- **AIM OF THE EXERCISE**
Copy exactly, no pictures: every line from the one that contains "clark kent tem" through the end of the entries below.
+ + + +
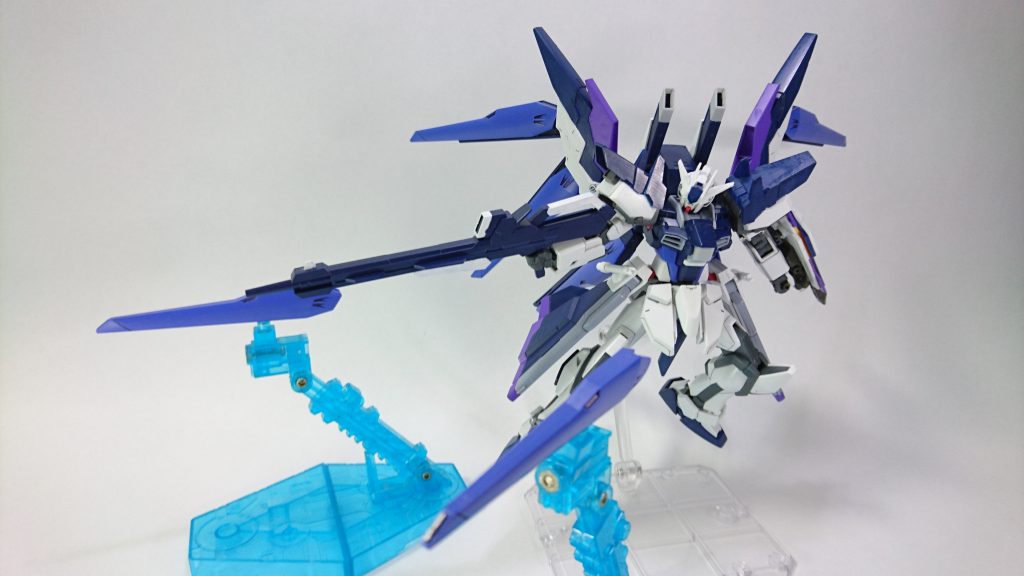 ドラグーンシステム
新型ドラグーンを合計8機装備しており十分な性能を示したため、調整したものがそのまま採用された。
ストライクフリーダムのプロトタイプならドラグーンくらい装備しないといけませんよね。
ディスプレイが大変で、今後の写真でも全部は展開させていません。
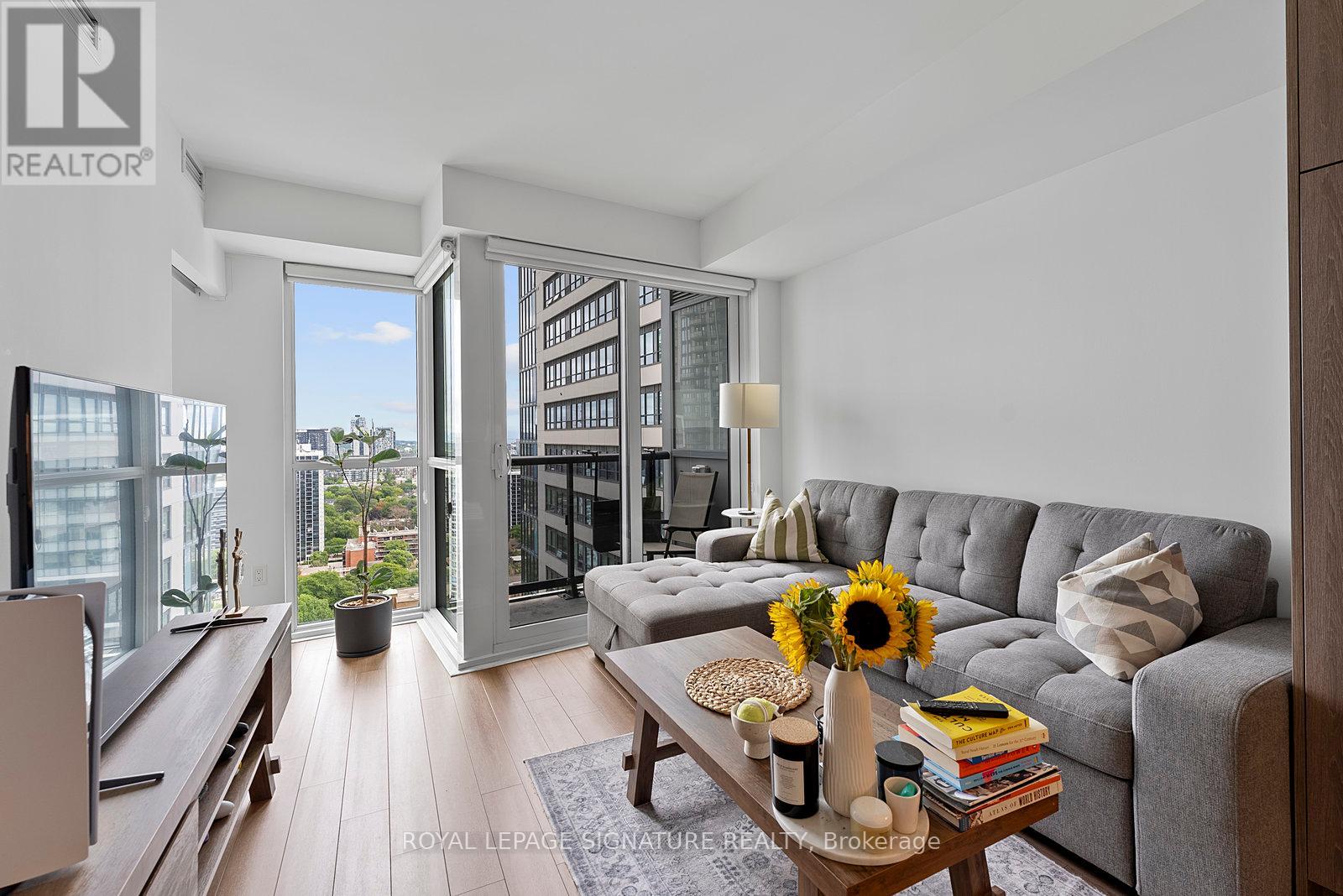 2501 - 77 MUTUAL STREET, Toronto, Ontario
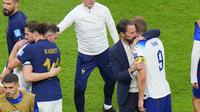 Pelatih Inggris, Gareth Southgate menghibur Harry Kane usai tersingkir di perempat final Piala Dunia 2022. (AP Photo/Hassan Ammar)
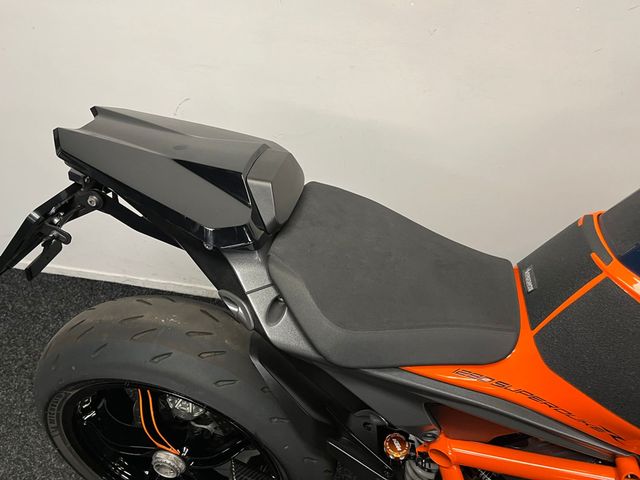 ktm - 1290-super-duke-r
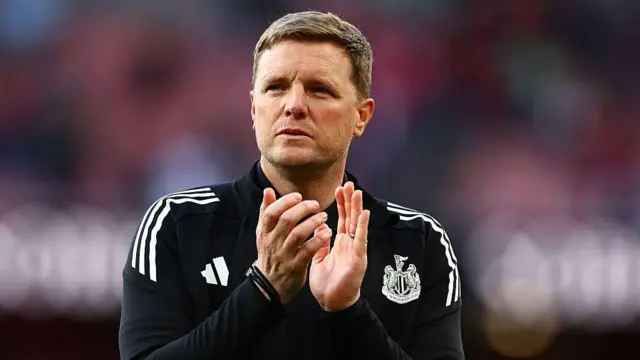 Eddie Howe, Manager of Newcastle United, applauds the fans after the Premier League match between Arsenal and Newcastle United at Emirates Stadium on April 25, 2026 in London, England. 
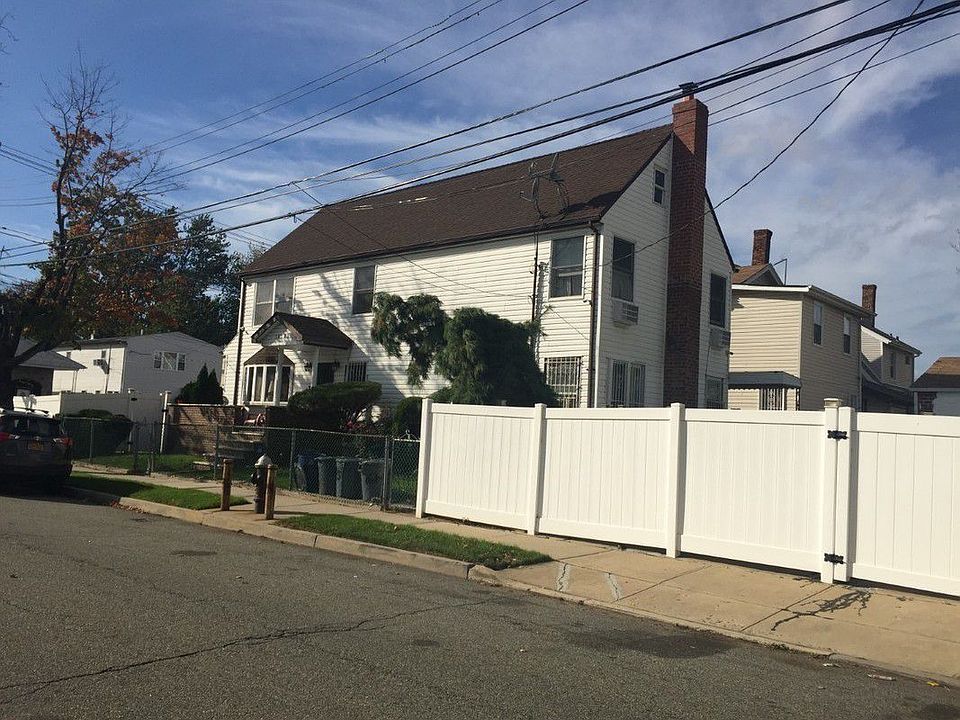 2nd image of 16105 119th Dr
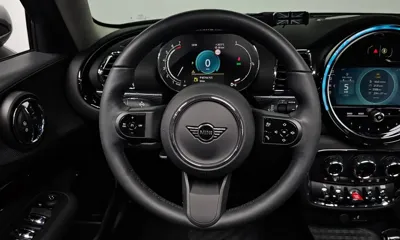 MINI Clubman 2024, 5717 км, за 24028.12 USD - фото 13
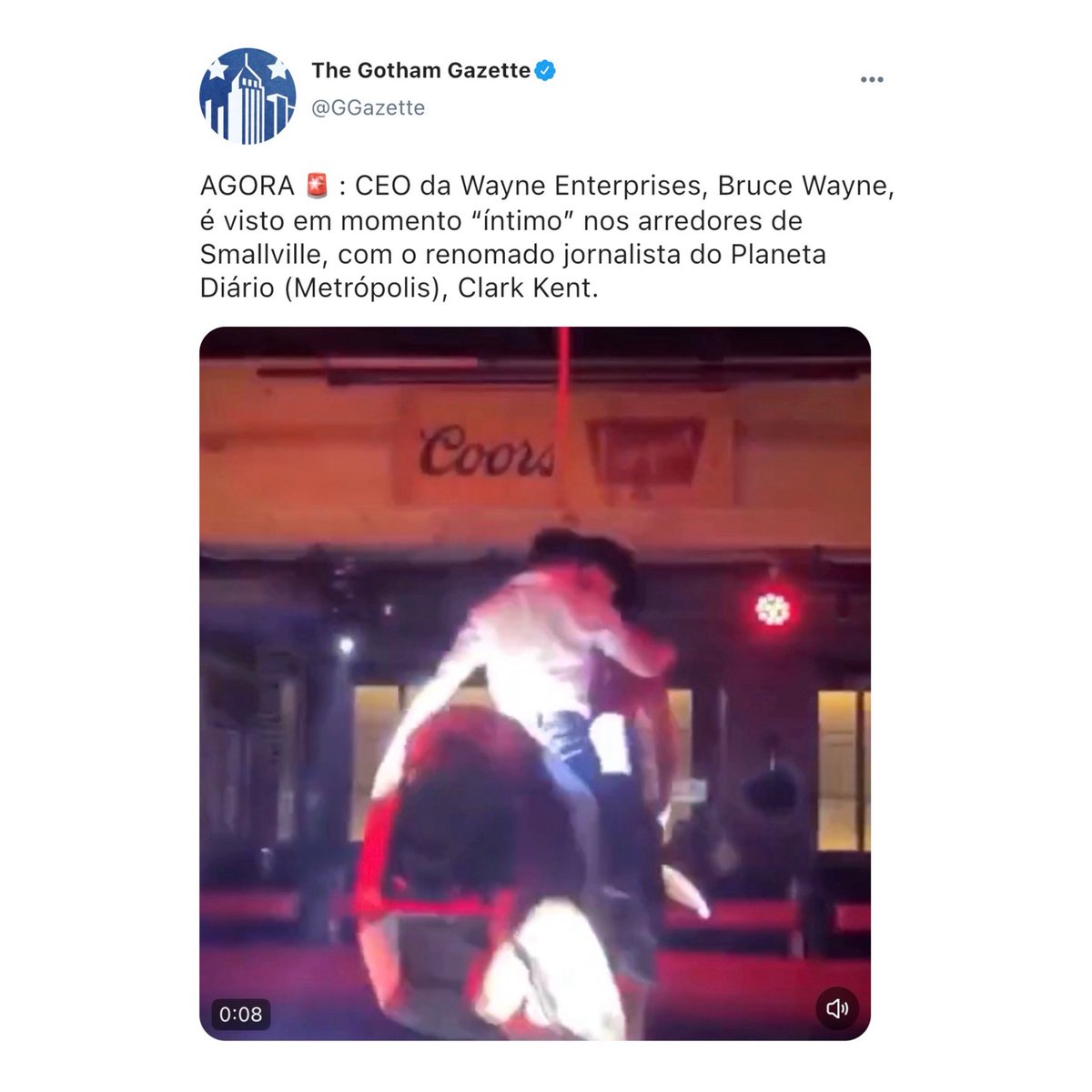 kkshsbrainrot's tweet image. #superbat au - scandal

bruce wayne tem uma ótima ideia para manter sua identidade secreta 

mas

clark kent tem seu nome estampado em todos jornais de um dia pro outro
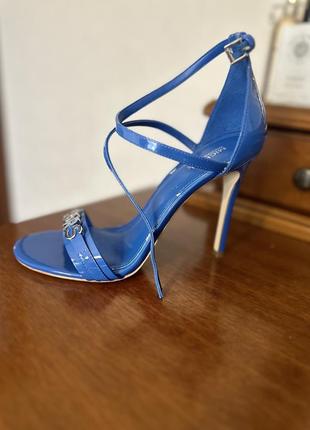 Босоножки известного бренда michael kors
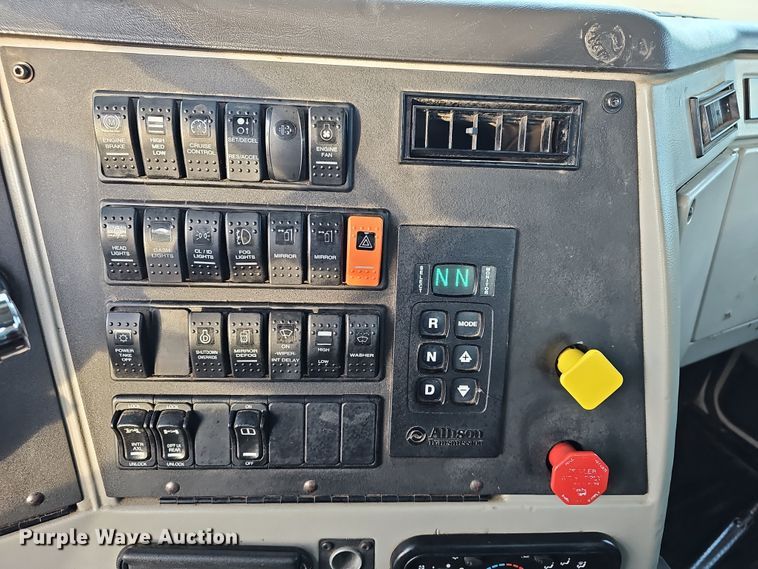 image for item DR5891 2016 Western Star 4700SB  roll-off container truck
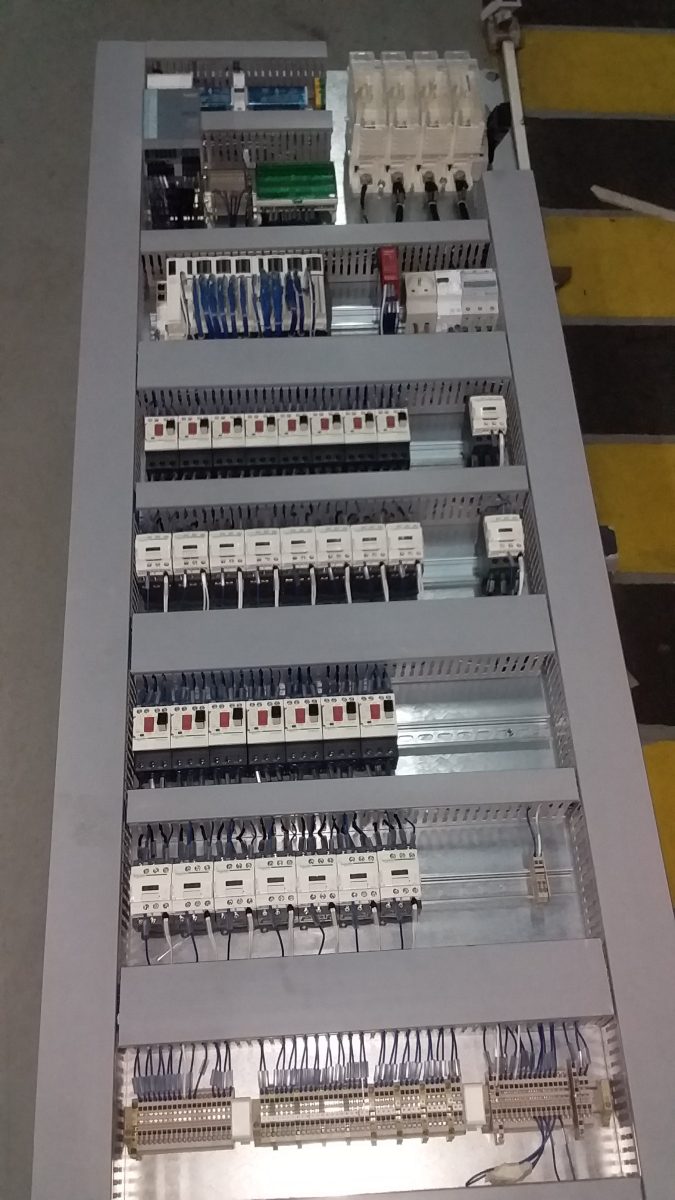 Armoire électrique à disjoncteurs alignés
+ + + +
- **ANSWER TO THE PROBLEM**
clark kent tem seu nome estampado em todos jornais de um dia pro outro
 Босоножки известного бренда michael kors
 image for item DR5891 2016 Western Star 4700SB  roll-off container truck
 Armoire électrique à disjoncteurs alignés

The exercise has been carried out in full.